Take nothing but the lines from the one with "Fujifilm X-T4 Mirrorless" through the one with "Masque VTT noir" in the entries below, both ends kept, and return them exactly with pictures left out.

[Extracted records]
┄┄┄┄┄┄┄┄┄┄
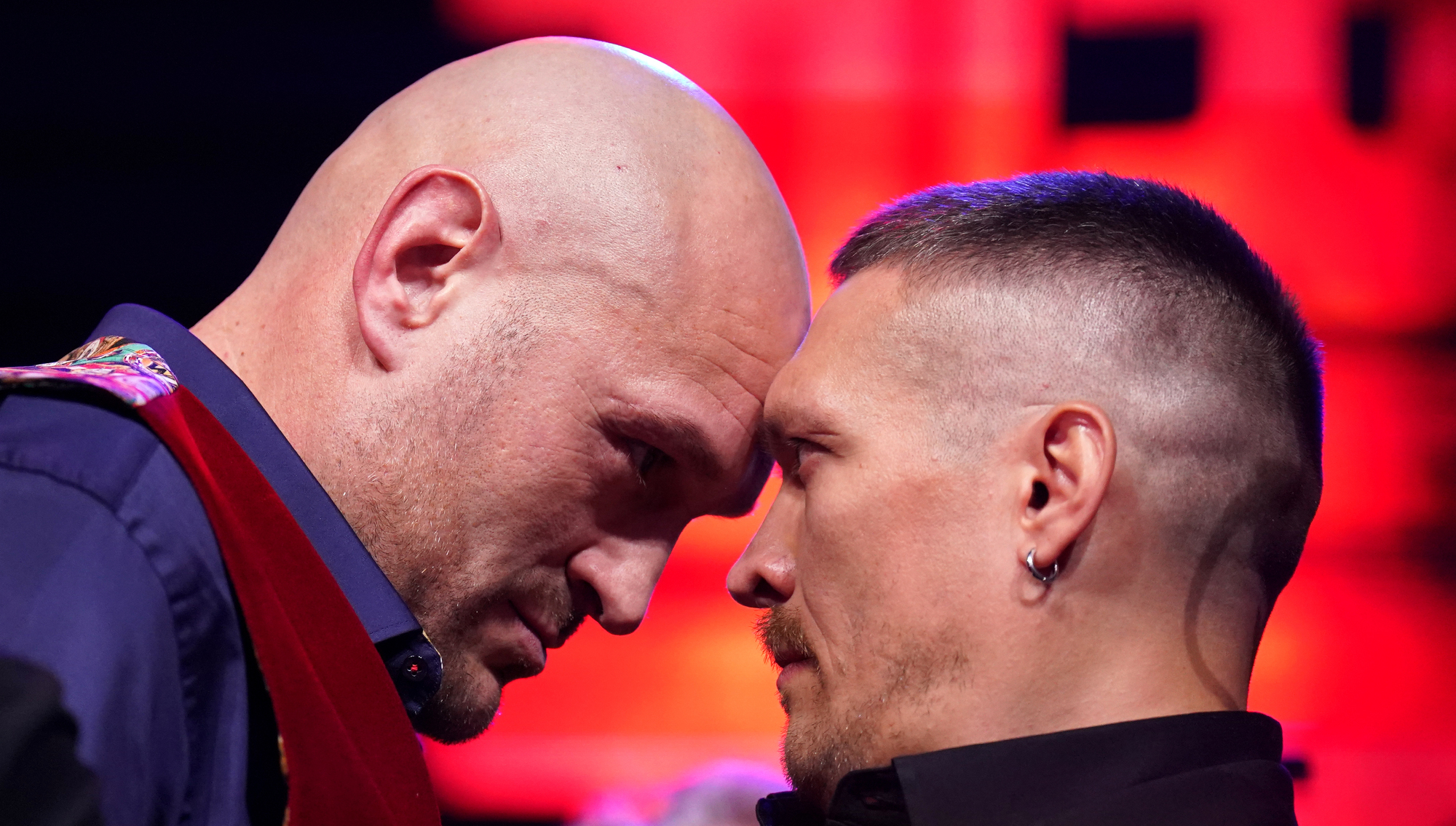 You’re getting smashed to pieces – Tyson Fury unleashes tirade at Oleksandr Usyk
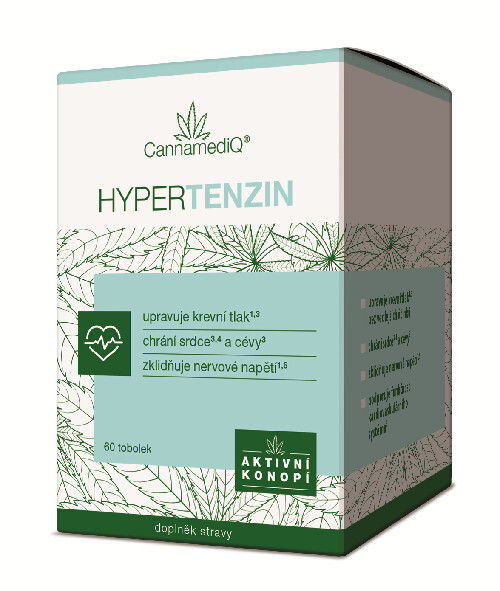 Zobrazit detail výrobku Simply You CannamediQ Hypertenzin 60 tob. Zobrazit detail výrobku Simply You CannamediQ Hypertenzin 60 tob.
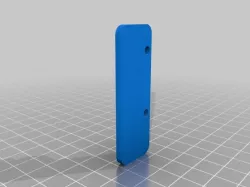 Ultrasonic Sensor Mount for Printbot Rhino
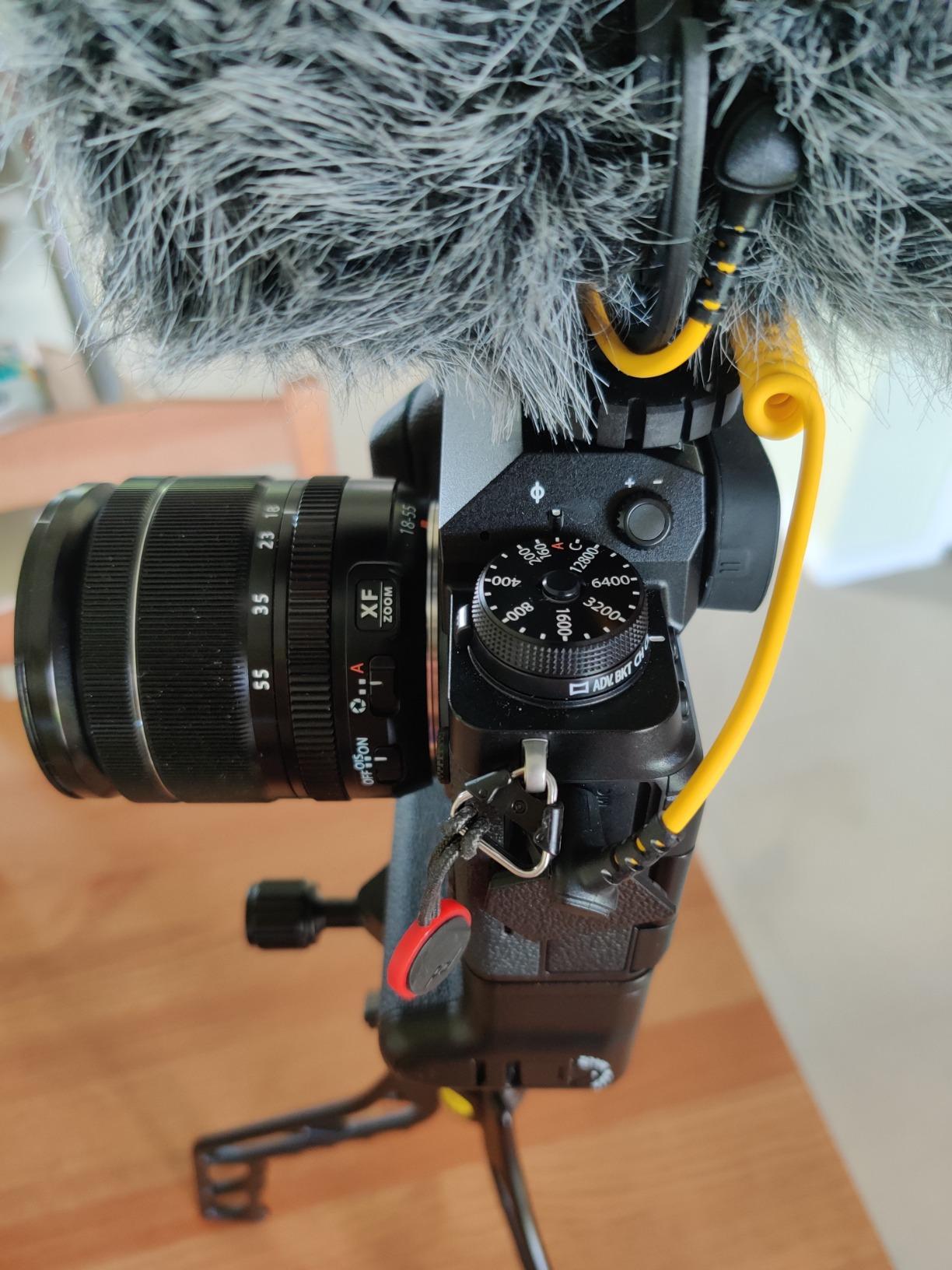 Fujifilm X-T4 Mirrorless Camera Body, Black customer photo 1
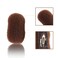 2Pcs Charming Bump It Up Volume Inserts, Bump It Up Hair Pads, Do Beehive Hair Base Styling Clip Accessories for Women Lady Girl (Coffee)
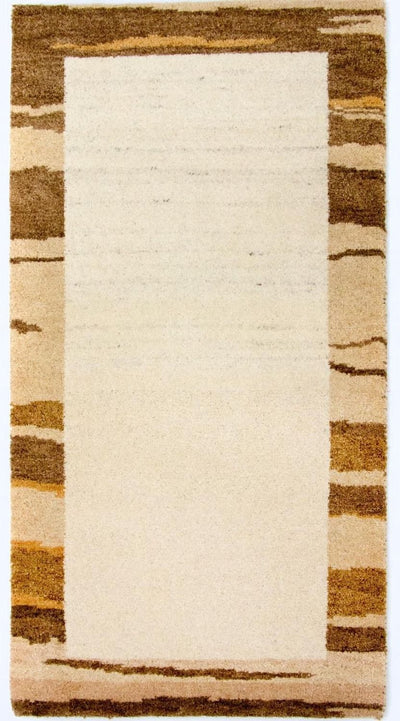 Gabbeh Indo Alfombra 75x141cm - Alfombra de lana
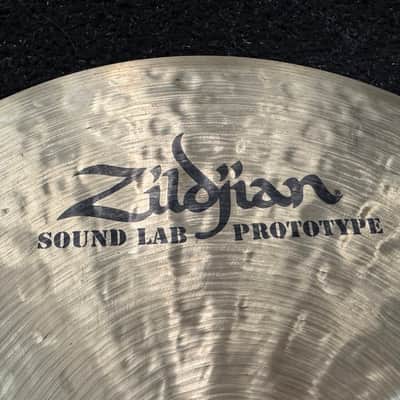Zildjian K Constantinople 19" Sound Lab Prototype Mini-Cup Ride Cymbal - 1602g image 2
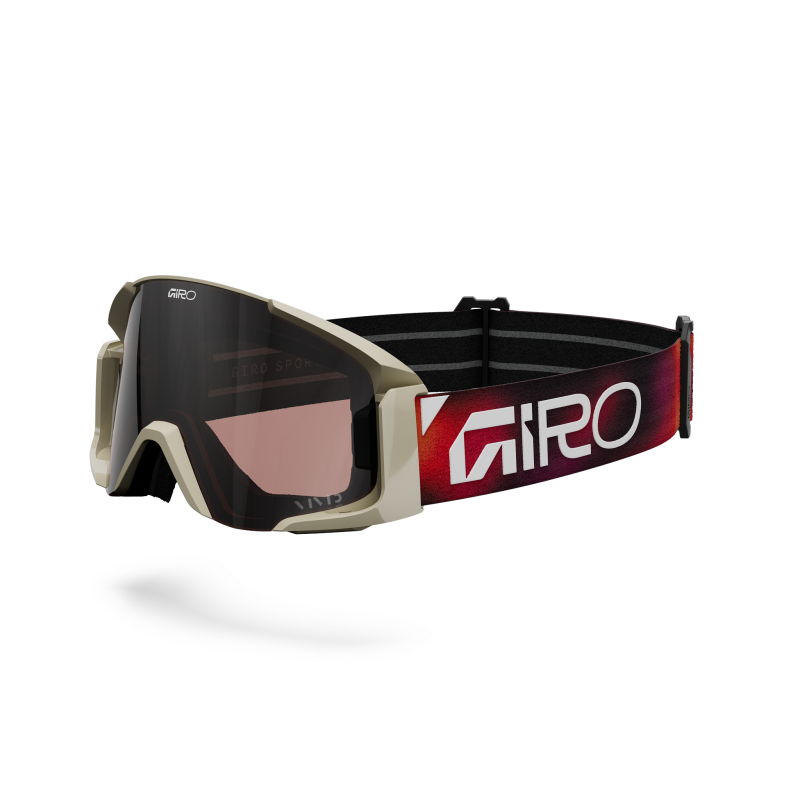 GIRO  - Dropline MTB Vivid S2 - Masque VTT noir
┄┄┄┄┄┄┄┄┄┄
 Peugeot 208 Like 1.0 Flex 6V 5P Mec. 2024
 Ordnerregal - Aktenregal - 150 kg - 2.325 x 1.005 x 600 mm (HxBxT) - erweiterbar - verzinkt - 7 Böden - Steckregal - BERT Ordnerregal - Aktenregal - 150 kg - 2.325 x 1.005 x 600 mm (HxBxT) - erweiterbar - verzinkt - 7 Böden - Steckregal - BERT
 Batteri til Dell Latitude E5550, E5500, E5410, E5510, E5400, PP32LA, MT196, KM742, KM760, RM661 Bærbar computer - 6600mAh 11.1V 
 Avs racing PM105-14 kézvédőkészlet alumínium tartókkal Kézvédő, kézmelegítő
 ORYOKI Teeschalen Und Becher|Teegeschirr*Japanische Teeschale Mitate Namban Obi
┄┄┄┄┄┄┄┄┄┄
## Finished exercise
 Fujifilm X-T4 Mirrorless Camera Body, Black customer photo 1
 2Pcs Charming Bump It Up Volume Inserts, Bump It Up Hair Pads, Do Beehive Hair Base Styling Clip Accessories for Women Lady Girl (Coffee)
 Gabbeh Indo Alfombra 75x141cm - Alfombra de lana
Zildjian K Constantinople 19" Sound Lab Prototype Mini-Cup Ride Cymbal - 1602g image 2
 GIRO  - Dropline MTB Vivid S2 - Masque VTT noir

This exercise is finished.